'Scrapy INSERT into "new_table" only if records do not exist in "current table"
I tried some website scrapping. I success scraped datas in my current db table. But I would like to INSERT into "new_table" only if records do not exist in "current table"
My code is (pipelines)
table = 'products'
table2 = 'new_products'`
def save(self, row):
cursor = self.cnx.cursor()
cursor.execute("SELECT DISTINCT product_id FROM products;")
old_ids = [row[0] for row in cursor.fetchall()]
create_query = ("INSERT INTO " + self.table +
"(rowid, date, listing_id, product_id, product_name, price, url) "

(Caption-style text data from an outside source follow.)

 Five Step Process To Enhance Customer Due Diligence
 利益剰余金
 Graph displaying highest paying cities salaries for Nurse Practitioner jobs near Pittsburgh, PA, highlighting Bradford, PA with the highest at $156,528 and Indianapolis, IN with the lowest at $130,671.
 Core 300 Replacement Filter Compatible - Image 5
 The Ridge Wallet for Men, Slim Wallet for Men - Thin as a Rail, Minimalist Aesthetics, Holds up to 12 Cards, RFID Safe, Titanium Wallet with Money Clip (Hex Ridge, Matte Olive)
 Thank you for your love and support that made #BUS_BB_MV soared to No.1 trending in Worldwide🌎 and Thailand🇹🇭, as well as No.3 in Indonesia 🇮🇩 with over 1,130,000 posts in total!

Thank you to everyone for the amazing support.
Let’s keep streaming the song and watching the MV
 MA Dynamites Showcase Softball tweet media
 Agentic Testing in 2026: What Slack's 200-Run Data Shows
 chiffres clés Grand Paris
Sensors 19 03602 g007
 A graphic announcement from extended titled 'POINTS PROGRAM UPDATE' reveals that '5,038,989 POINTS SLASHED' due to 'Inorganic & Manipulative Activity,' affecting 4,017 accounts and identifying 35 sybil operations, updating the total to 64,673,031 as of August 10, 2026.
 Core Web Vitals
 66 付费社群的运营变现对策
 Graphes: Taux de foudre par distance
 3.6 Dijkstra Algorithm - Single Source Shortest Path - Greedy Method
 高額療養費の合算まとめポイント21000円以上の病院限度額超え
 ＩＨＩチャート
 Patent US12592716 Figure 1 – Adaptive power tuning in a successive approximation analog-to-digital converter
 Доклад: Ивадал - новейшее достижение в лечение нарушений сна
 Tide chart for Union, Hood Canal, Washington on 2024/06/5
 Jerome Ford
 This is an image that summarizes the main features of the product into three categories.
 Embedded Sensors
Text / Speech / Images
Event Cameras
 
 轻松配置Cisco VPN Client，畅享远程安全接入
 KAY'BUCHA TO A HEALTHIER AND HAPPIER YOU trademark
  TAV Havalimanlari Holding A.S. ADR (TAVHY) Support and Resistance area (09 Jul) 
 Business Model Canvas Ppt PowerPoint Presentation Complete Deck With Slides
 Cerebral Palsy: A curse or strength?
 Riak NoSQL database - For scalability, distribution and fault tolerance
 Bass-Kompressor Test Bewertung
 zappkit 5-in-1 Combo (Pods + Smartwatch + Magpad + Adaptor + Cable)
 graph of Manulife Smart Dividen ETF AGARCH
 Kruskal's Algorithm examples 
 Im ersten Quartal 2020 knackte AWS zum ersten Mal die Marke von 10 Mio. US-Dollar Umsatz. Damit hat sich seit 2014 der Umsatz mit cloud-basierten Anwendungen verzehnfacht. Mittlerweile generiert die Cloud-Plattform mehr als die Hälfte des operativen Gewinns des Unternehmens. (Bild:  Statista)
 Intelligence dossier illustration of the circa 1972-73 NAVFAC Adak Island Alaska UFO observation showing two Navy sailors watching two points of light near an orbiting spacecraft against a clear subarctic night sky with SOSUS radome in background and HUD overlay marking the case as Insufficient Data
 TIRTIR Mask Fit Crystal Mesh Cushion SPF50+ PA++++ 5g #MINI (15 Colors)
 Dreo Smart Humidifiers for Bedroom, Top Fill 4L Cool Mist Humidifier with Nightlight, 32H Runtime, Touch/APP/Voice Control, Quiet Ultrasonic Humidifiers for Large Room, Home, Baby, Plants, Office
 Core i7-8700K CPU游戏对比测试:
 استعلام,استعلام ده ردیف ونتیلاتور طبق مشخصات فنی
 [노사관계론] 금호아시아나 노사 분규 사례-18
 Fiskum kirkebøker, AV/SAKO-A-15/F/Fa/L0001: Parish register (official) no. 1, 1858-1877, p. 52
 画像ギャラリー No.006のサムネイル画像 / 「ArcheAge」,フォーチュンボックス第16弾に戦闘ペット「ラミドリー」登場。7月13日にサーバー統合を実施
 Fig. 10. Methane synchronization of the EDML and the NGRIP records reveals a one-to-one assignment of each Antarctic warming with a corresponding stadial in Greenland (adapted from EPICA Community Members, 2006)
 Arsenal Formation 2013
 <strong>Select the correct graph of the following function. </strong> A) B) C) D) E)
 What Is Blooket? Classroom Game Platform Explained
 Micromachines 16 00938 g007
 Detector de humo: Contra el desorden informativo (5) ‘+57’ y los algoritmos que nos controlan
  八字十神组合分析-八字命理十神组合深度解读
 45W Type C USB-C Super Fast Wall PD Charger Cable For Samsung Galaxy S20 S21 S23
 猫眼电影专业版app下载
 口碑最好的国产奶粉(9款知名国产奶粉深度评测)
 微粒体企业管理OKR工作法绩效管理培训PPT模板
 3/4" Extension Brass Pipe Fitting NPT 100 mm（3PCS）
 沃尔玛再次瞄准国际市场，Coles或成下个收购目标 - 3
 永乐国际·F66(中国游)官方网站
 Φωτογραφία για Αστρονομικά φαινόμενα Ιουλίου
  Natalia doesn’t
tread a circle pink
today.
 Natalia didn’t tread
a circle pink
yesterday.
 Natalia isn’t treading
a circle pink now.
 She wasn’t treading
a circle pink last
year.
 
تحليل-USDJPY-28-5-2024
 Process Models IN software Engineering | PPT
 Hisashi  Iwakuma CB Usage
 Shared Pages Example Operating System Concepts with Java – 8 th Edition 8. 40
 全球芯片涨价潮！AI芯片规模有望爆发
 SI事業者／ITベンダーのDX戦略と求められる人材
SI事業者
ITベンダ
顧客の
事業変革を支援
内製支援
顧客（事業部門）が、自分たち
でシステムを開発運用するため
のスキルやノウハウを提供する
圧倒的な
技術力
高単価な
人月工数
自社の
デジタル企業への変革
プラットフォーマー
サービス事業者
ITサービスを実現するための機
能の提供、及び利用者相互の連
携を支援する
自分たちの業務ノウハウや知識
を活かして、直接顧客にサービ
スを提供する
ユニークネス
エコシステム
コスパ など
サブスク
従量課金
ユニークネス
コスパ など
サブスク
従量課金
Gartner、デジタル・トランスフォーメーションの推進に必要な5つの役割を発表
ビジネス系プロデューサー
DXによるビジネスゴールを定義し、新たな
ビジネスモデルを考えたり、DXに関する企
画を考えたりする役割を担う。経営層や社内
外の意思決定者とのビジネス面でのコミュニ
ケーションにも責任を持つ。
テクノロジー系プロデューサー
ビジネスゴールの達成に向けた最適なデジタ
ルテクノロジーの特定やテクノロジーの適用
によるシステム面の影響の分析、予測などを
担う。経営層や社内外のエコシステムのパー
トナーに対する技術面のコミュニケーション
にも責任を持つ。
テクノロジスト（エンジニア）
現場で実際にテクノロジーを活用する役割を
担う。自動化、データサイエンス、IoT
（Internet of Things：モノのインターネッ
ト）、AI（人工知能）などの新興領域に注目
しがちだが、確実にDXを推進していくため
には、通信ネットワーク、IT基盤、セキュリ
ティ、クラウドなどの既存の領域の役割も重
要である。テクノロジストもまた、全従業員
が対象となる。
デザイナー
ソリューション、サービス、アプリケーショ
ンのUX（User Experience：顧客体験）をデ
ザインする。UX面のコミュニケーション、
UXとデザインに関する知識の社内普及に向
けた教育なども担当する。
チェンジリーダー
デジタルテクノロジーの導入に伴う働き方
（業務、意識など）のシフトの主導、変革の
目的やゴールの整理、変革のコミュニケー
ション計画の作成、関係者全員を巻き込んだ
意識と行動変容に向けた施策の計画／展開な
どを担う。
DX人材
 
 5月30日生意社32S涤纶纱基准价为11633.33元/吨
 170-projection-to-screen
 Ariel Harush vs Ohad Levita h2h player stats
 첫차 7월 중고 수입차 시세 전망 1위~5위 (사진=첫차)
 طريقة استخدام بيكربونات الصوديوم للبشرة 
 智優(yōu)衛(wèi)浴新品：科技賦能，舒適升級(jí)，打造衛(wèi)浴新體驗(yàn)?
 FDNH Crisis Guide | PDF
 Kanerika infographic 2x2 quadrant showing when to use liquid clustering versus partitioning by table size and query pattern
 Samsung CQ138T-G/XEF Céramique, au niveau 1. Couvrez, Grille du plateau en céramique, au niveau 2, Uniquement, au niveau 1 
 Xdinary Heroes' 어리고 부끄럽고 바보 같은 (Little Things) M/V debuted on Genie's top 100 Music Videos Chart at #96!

"VALUES (%(rowid)s, %(date)s, %(listing_id)s, %(product_id)s, %(product_name)s, %(price)s, %(url)s)")
cursor.execute(create_query, row)
lastRecordId = cursor.lastrowid
self.cnx.commit()
cursor.close()
print("Item saved with ID: {}" . format(lastRecordId))
if not product_id in old_ids:
create_query = ("INSERT INTO " + self.table2 +
"(rowid, date, listing_id, product_id, product_name, price, url) "
"VALUES (%(rowid)s, %(date)s, %(listing_id)s, %(product_id)s, %(product_name)s, %(price)s, %(url)s)")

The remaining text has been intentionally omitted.